Ally’s approach to PII filtering was so successful that the Ally team wanted to give back to the LangChain community by contributing their code so that others could benefit.
Muthurkrishnan continued: “The LangChain ecosystem evolves rapidly, and we’ve benefited from the typescript package while developing the Ally.ai platform. We wanted to give back to the community, so we’ve open sourced our code in the langchain-community package. We’re thrilled that other financial institutions, or other companies operating in regulated industries, could benefit from what we’ve created.”
The Road Ahead
The initial results of Ally.ai has encouraged the Ally team to forge ahead with pursuing almost 200 AI use cases throughout the enterprise. While not all of them will make it to production – Ally has begun final evaluations on two additional use cases – one with the marketing content and SEO team, and a second one with Ally’s investor relations group. Both of these use cases lean into optimizing employee productivity and improving business processes. For example, the marketing content team has seen the time needed to launch campaigns reduced by up to 2-3 weeks. As more use cases are tested and evaluated through Ally’s extensive governance process, what will be a constant is the use of Ally.ai – with the necessary privacy and security features in place – as the company expands its AI capabilities.
“We’re not standing still, and neither is the developer community,” Muthukrishnan said. “We hope that by making this contribution and collaborating with LangChain, our actions will serve as a model to other organizations who want to harness the power of AI in a responsible way that positively serves consumers and our community.”
For more insights from the technology team at Ally, including how the team is doing it right with AI and exploring new innovation, visit https://ally.tech. You can read more about their announcement too – here.
“Our goal is for LangChain to be ubiquitous. We designed the framework to be useful no matter the size of the company or the industry it operates in. Ally pushed the boundaries and solved a real problem that we see many companies run up against. We’re grateful that Ally decided to support our mission and contribute back so that others could benefit, and we’re excited to continue to partner with Ally to evolve LangChain to serve financial institutions even better.” – Harrison Chase, CEO of LangChain
About Ally Financial
Ally Financial Inc. (NYSE: ALLY) is a financial services company with the nation's largest all-digital bank and an industry-leading auto financing business, driven by a mission to "Do It Right" and be a relentless ally for customers and communities. The company serves more than 11 million customers through a full range of online banking services (including deposits, mortgage, point-of-sale personal lending, and credit card products) and securities brokerage and investment advisory services. The company also includes a robust corporate finance business that offers capital for equity sponsors and middle-market companies, as well as auto financing and insurance offerings. For more information, please visit www.ally.com and follow @allyfinancial.
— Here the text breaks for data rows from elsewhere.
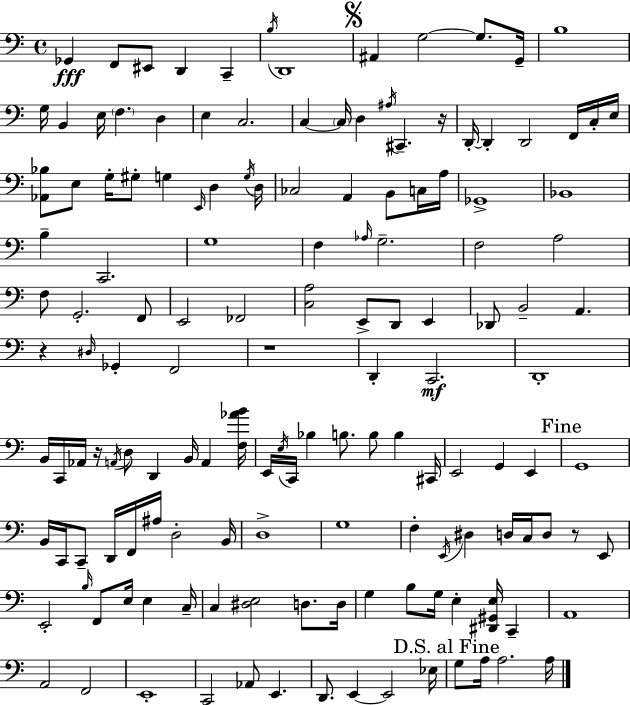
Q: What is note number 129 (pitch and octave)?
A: D2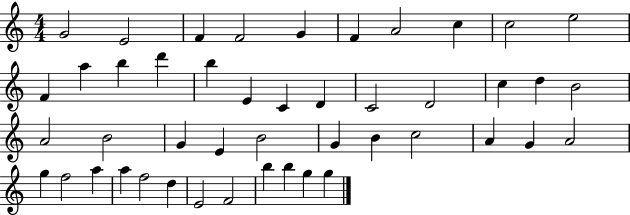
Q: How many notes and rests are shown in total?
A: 46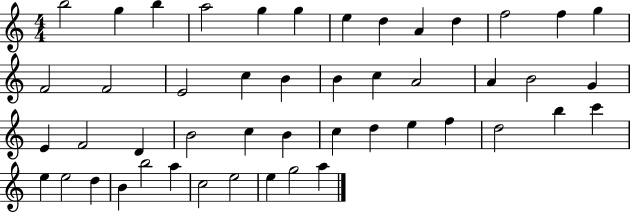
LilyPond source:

{
  \clef treble
  \numericTimeSignature
  \time 4/4
  \key c \major
  b''2 g''4 b''4 | a''2 g''4 g''4 | e''4 d''4 a'4 d''4 | f''2 f''4 g''4 | \break f'2 f'2 | e'2 c''4 b'4 | b'4 c''4 a'2 | a'4 b'2 g'4 | \break e'4 f'2 d'4 | b'2 c''4 b'4 | c''4 d''4 e''4 f''4 | d''2 b''4 c'''4 | \break e''4 e''2 d''4 | b'4 b''2 a''4 | c''2 e''2 | e''4 g''2 a''4 | \break \bar "|."
}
LangChain, Inc. was founded in early 2023 to help developers build context-aware reasoning applications. The company’s popular open source framework gives developers the building blocks to create production-ready applications with LLMs. LangChain’s open standard benefits from the force of the community; it keeps pace with the cutting edge, so companies can too. With 600+ tool integrations, 60+ models supported, and easy adoption of the latest cognitive architectures, LangChain gives companies choice, flexibility, and a build-kit to move fast. LangSmith complements as an all-in-one SaaS platform that enables a full, end-to-end, development workflow for building and monitoring LangChain and LLM-powered apps.